Start of PROVIDED DATA

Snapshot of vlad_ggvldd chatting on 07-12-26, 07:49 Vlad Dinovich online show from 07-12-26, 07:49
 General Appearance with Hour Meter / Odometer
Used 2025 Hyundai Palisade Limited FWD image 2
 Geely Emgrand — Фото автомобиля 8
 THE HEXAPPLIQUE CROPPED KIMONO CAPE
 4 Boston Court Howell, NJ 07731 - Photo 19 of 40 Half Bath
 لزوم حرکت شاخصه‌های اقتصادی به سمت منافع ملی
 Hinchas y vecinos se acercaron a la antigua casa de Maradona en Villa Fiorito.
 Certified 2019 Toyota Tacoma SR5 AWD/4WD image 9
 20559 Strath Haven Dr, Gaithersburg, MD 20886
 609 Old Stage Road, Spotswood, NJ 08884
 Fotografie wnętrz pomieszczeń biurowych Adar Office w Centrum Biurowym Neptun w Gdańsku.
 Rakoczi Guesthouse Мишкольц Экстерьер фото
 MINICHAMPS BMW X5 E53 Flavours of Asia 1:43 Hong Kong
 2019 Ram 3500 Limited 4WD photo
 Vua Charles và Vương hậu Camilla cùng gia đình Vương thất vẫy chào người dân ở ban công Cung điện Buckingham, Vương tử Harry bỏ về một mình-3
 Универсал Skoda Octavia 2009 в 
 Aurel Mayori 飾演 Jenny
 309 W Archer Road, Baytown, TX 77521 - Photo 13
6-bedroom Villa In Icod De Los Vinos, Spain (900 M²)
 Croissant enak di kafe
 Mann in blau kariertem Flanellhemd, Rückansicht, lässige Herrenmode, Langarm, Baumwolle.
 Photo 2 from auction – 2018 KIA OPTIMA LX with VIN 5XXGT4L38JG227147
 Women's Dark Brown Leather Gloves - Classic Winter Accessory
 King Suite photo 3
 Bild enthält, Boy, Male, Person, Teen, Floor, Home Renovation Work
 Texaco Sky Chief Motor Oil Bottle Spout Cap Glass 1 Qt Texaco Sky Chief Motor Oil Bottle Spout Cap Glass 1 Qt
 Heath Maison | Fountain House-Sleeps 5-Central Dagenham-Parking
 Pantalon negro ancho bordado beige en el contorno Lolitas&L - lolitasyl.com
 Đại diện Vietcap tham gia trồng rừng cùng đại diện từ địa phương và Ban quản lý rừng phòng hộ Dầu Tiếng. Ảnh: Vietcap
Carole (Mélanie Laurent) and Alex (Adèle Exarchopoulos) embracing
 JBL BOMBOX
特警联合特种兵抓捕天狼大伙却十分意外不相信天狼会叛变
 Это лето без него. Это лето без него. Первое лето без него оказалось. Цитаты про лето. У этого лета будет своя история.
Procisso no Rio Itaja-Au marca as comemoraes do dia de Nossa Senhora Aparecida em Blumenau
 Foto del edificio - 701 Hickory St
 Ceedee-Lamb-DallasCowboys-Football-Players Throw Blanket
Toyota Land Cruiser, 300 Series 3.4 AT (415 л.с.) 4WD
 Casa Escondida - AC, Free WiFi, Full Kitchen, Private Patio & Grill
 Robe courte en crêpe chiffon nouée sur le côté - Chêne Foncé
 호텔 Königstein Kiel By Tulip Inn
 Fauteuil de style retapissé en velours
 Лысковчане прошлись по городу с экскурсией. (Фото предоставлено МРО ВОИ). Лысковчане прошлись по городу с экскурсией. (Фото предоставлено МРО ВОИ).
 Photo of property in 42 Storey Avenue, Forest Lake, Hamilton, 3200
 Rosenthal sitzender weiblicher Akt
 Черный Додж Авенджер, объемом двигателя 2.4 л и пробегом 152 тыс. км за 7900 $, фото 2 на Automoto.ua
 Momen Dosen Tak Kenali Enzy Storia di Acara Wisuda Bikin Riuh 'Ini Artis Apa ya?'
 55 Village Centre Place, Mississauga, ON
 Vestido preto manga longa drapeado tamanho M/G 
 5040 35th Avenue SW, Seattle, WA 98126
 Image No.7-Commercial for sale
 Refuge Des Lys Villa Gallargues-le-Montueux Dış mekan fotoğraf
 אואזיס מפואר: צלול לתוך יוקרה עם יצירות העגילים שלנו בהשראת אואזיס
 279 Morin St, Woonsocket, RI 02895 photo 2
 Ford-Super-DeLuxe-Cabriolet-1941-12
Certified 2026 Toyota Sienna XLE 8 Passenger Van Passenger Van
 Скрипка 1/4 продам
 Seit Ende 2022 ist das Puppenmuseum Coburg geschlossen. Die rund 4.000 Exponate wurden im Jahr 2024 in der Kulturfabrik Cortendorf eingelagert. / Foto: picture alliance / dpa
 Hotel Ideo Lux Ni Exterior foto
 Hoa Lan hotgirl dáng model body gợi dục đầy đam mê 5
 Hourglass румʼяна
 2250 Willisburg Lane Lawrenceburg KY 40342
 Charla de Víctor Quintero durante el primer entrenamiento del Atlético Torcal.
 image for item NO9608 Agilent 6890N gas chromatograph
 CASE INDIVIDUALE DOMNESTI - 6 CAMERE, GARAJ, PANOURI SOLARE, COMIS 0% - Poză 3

End of PROVIDED DATA

* AIM OF THE EXERCISE
Give an exact copy of the lines above from the line with "609 Old Stage Road, Spotswood, NJ 08884" up to and including the line with "Mann in blau", and leave everything else out.

* TASK SOLUTION
 609 Old Stage Road, Spotswood, NJ 08884
 Fotografie wnętrz pomieszczeń biurowych Adar Office w Centrum Biurowym Neptun w Gdańsku.
 Rakoczi Guesthouse Мишкольц Экстерьер фото
 MINICHAMPS BMW X5 E53 Flavours of Asia 1:43 Hong Kong
 2019 Ram 3500 Limited 4WD photo
 Vua Charles và Vương hậu Camilla cùng gia đình Vương thất vẫy chào người dân ở ban công Cung điện Buckingham, Vương tử Harry bỏ về một mình-3
 Универсал Skoda Octavia 2009 в 
 Aurel Mayori 飾演 Jenny
 309 W Archer Road, Baytown, TX 77521 - Photo 13
6-bedroom Villa In Icod De Los Vinos, Spain (900 M²)
 Croissant enak di kafe
 Mann in blau kariertem Flanellhemd, Rückansicht, lässige Herrenmode, Langarm, Baumwolle.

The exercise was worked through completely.